Crowe, a Multnomah County public defender who specializes in representing veterans, says he’d be interested in the job, noting that he garnered more than 740,000 votes, or nearly 42 percent of those cast in the attorney general race. “I’m interested in any position by which I can serve our people,” he says.
The job of proposing names for a Republican president to consider for U.S Attorney traditionally falls to the ranking Republican in the Oregon congressional delegation — a position now held by U.S. Rep. Greg Walden, R-Hood River.
While that process hasn’t formally begun, the names that are coming up in conservative legal circles include Assistant U.S. Attorney Ryan Bounds and Mike McLane, the Republican leader of the Oregon House of Representatives.
A former federal court law clerk, Bounds served a stint in Washington, D.C., as chief of staff at the federal DOJ’s Office of Legal Policy, and from 2008 to 2009 served as a special assistant to President George W. Bush for justice and immigration policy, assigned to the White House Domestic Policy Council. In Oregon, he’s handled environmental, fraud and immigration cases.
Bounds hails from a prominent Hermiston family. His brother, Tucker, served as a national spokesman for John McCain’s presidential campaign in 2008; his sister, Lorissa, is a longtime congressional staffer who’s worked for California Congressman Duncan Hunter, a prominent Trump ally. Walden gave a 2011 speech in Congress extolling Ryan’s mother, Karen, upon her retirement following a distinguished teaching career.
In an email, Bounds referred questions to a DOJ spokesman, declining to comment other than to say a reporter’s email “came as a surprise to me.”
McLane, a Powell Butte lawmaker since 2010, also is well-connected. He’s a former clerk to Oregon Supreme Court Justice Mick Gillette, and was admitted to practice law in Oregon in 1990. With a background in business law, McLane has worked for two prominent local law firms, Stoel Rives and Miller Nash.
While in law school, he served as a law clerk to the U.S. Attorney’s office, helping with drug cases there. He’s since handled nine federal cases in Oregon, according to the federal court records website PACER. He’s also a lieutenant colonel and JAG lawyer in the Oregon Air National Guard.
On the political side, McLane has enjoyed good relations with Walden, and recently formed a law firm based in Bend with former state lawmaker and congressional candidate Jason Conger as well as state Rep. John Davis, R-Wilsonville.
McLane, through a spokesman, declined to comment.
Perhaps the most qualified candidate for the job would be Karin Immergut, a Republican who held the U.S. Attorney’s job from 2003 to 2009. She is now a Multnomah County Circuit Court judge, and also would be a logical appointment to a federal judgeship. She declined to comment.

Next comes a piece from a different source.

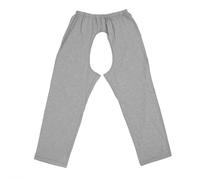 ACOGEDO Pantalon de Soins à l'incontinence à la Taille élastique avec Ouverture d'entrejambe - Xxl Pantalon Infirmier en Coton Gris pour l'incontinence Urinaire et les Soins aux Patients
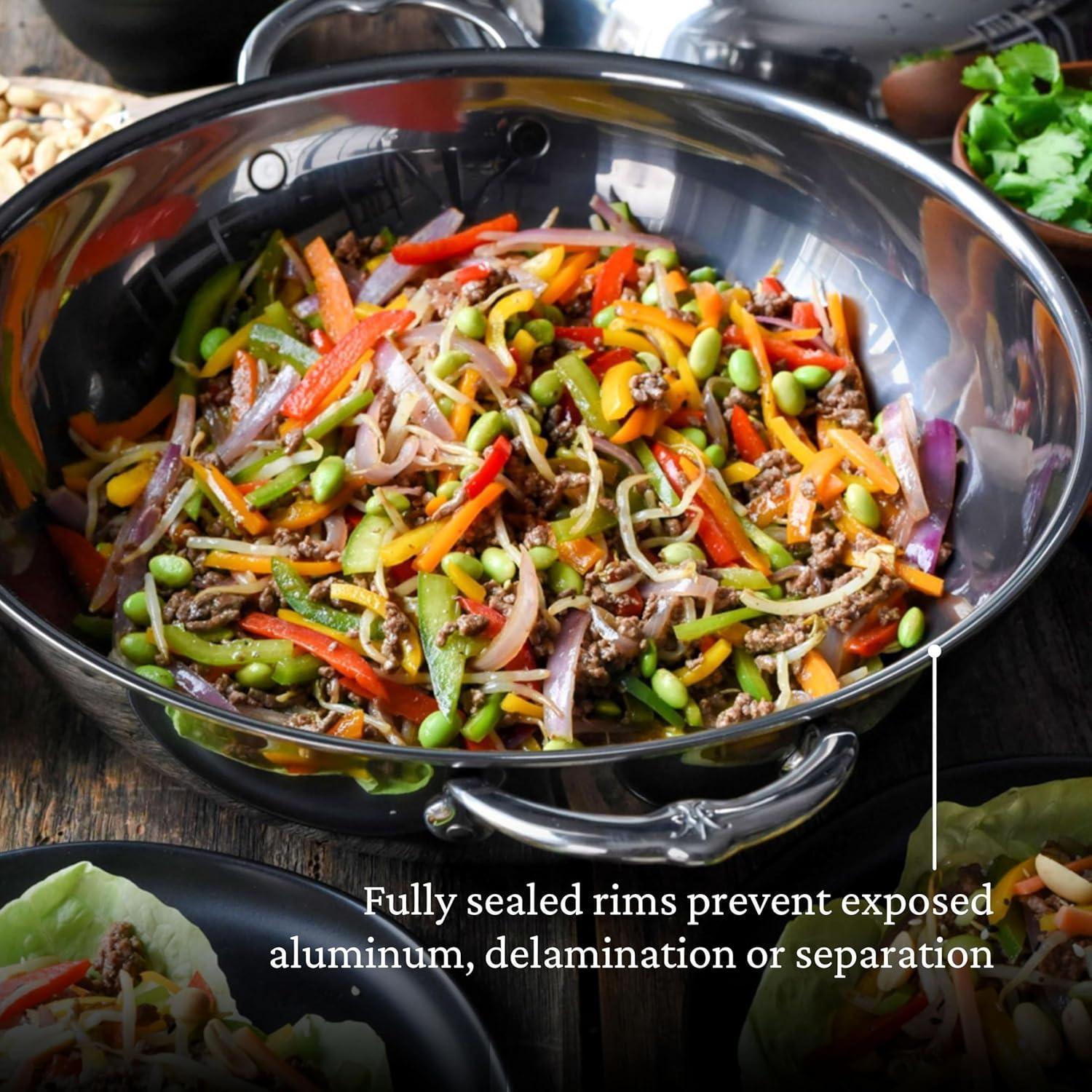 image:imageHestan NanoBond Collection Titanium Stainless Steel 14Inch Wok with Lid Toxin PFAS amp Chemical Free Clean Cookware Induction Cooktop Compatible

When former U.S. Sen. Gordon Smith was the delegation’s ranking Republican, he used to gather an advisory committee of lawyers, then give his colleague across the aisle, Sen. Ron Wyden, the chance to veto any names.
“They had a gentleman’s agreement,” recalls former Smith staffer Kerry Tymchuk.
Walden spokesman Andrew Malcolm said it’s unclear how exactly the process will work this time, and the question of who his boss might propose for the job is premature. “Greg’s going to make his views known where it’s appropriate,” Malcolm said.
Kristine Olson, a Democrat who held the job from 1994 to 2001, called Trump’s nomination of a conservative partisan, Sen. Jeff Sessions, for U.S. Attorney General a “travesty.” She hopes Walden joins with Wyden and Sen. Jeff Merkley to select a nonpartisan candidate in the Oregon tradition, adding “We cannot afford to have a mini-Jeff Sessions.”
Lawyer Kevin Mannix, the prominent conservative activist who was considered for the U.S. Attorney job in 2000, called the opening an “important opportunity … to bring fresh perspective into Oregon.” Regardless, he doesn’t expect a decision anytime soon because of the exhaustive vetting process involved. “It can take three or four months,” Mannix said.